12 Settembre 2016

Nullità della clausola che preveda l’applicazione di un tasso di interessi con fluttuazione tendenzialmente aperta

“La clausola contenuta nei contratti di apertura di credito in conto corrente, che preveda l’applicazione di un determinato tasso sugli interessi dovuti dal cliente e con fluttuazione tendenzialmente aperta, da correggere con sua automatica riduzione in caso di superamento del cd. tasso soglia usurario, ma solo mediante l’astratta affermazione del diritto alla restituzione del supero in capo al correntista, è nulla ex art. 1344 c.c., perché tesa ad eludere il divieto di pattuire interessi usurari, previsto dall’art. 1815 c.c., comma 2, per il mutuo, regola applicabile per tutti i contratti che prevedono la messa a disposizione di denaro dietro una remunerazione”.

La pronuncia della Suprema Corte si segnala per aver affrontato due importanti questioni: i profili di illegittimità della c.d. clausola di salvaguardia e la correttezza (o meno) della rilevanza della commissione di massimo scoperto ai fini della valutazione dell’usura per le operazioni ante 2010.
Avuto riguardo alla clausola di salvaguardia, ossia alla clausola che, nei contratti di apertura di credito in conto corrente, prevede l’applicazione di un determinato tasso di interesse con possibilità di riduzione automatica dello stesso in caso di superamento del tasso soglia usurario, la Corte rileva profili di illegittimità.
In particolare, il meccanismo di addebito di tassi usurari con possibilità riconosciuta al cliente di agire in ripetizione per la restituzione degli interessi pagati oltre soglia rappresenta un’elusione del divieto di pattuire interessi usurari di cui all’art. 1815 c.c.

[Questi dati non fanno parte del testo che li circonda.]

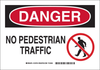 Brady B-401 Polystyrene Rectangle White Pedestrian & Crosswalk Sign - 10 in Width x 7 in Height - TEXT: NO PEDESTRIAN TRAFFIC - 123738 - 754473-79417 - R. S. Hughes Company, Inc.
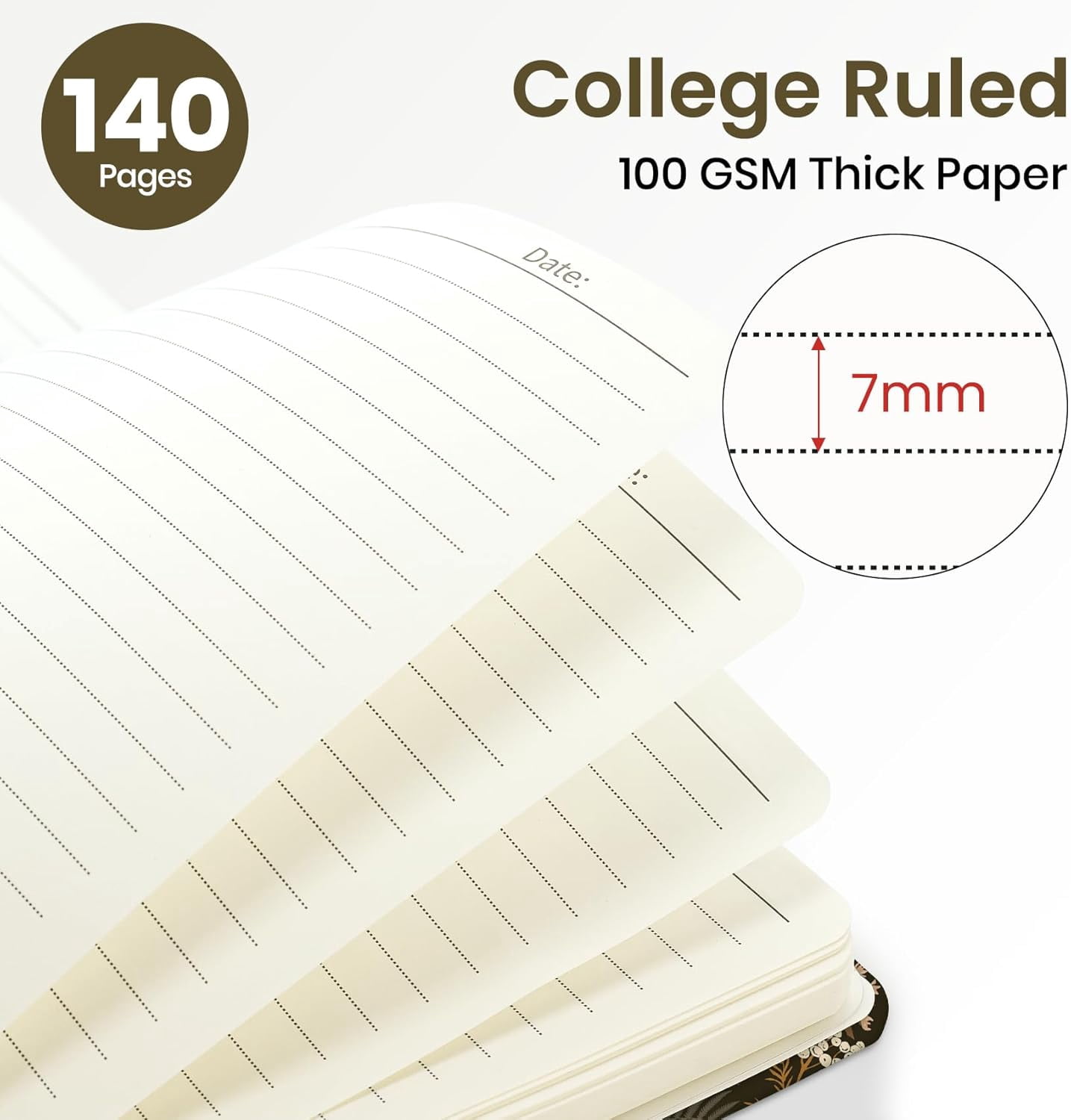 Lined Spiral Journal Notebook for Women, A5 College Ruled Journals for Writing, Hardcover Notebooks for Work, Note taking and Office School Supplies,140 Pages - Wild Rose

Il mero riconoscimento in capo al correntista del diritto alla restituzione delle somme pagate alla banca oltre soglia, infatti, consente il vietato addebito di interessi usurari, rimettendo alla scelta del cliente di attivarsi per il recupero delle somme non dovute.
La clausola, quindi, deve considerarsi nulla in quanto stipulata in frode alla legge (art. 1344 c.c.), in quanto non direttamente violativa del disposto di legge ma strumentale alla sua inapplicazione.
Come anticipato, la sentenza in commento si segnala anche per aver affrontato altra e importante questione, ossia il computo delle commissioni di massimo scoperto nelle rilevazioni di usura ante 2010.
Il problema della rilevanza delle commissioni di massimo scoperto ai fini dell’accertamento del superamento del tasso di usurarietà si impone per il periodo anteriore al 2010, anno a partire dal quale le commissioni di massimo scoperto sono state considerate nel computo dell’usurarietà, ai sensi dell’art. 2 bis, comma 2, D.L. 185/2008, conv. in L. 2/2009.
La suddetta norma, infatti, espressamente considerava le commissioni di massimo scoperto rilevanti ai fini dell’applicazione dell’art. 1815 c.c. e dell’art. 644 c.p., rendendo necessario l’adeguamento delle successive Istruzioni della Banca d’Italia.
Si discuteva, in particolare, in ordine alla possibilità di intendere la norma de qua come norma di interpretazione autentica e, quindi, con portata retroattiva.
La lettura fatta propria dal giudice di merito è stata sconfessata dal Giudice di legittimità in ragione della considerazione che non sono rinvenibili elementi da cui desumere la sussistenza di una norma di interpretazione autentica. Più precisamente, perché sia possibile qualificare una norma come di interpretazione autentica è necessario che risulti “l’intento del legislatore di imporre un determinato significato a precedenti disposizioni di pari grado, così da far regolare dalla nuova norma fattispecie sorte anteriormente alla sua entrata in vigore, dovendosi escludere, in applicazione del canone ermeneutico che impone all’interprete di attribuire un senso a tutti gli enunciati del precetto legislativo, che la disposizione possa essere intesa come diretta ad imporre un determinata disciplina solo per il futuro” (Cass., Sez. Un. n. 9941/2009).
Nella norma in esame, invece, nessun dato testuale esprime una precisa volontà del legislatore di offrire un’interpretazione autentica dell’art. 644 c.p. e dell’art. 1815 c.c.
Ne segue la portata innovativa del citato art. 2 bis, comma 2, D.L. 185/2008, disposizione che modifica la precedente normativa, superando il previgente meccanismo ricognitivo-determinativo primario che espressamente escludeva la commissione di massimo scoperto dal calcolo del tasso usurario
Per i rapporti sino al 31 dicembre 2009, quindi, le commissioni di massimo scoperto non rilevano ai fini del calcolo del tasso usurario, mentre per i rapporti successivi si applica l’art. 2 bis, comma 2, D.L. 185/2008, che contempla la commissione di massimo scoperto tra i valori di cui occorre tenere conto ai fini della valutazione del superamento del tasso soglia.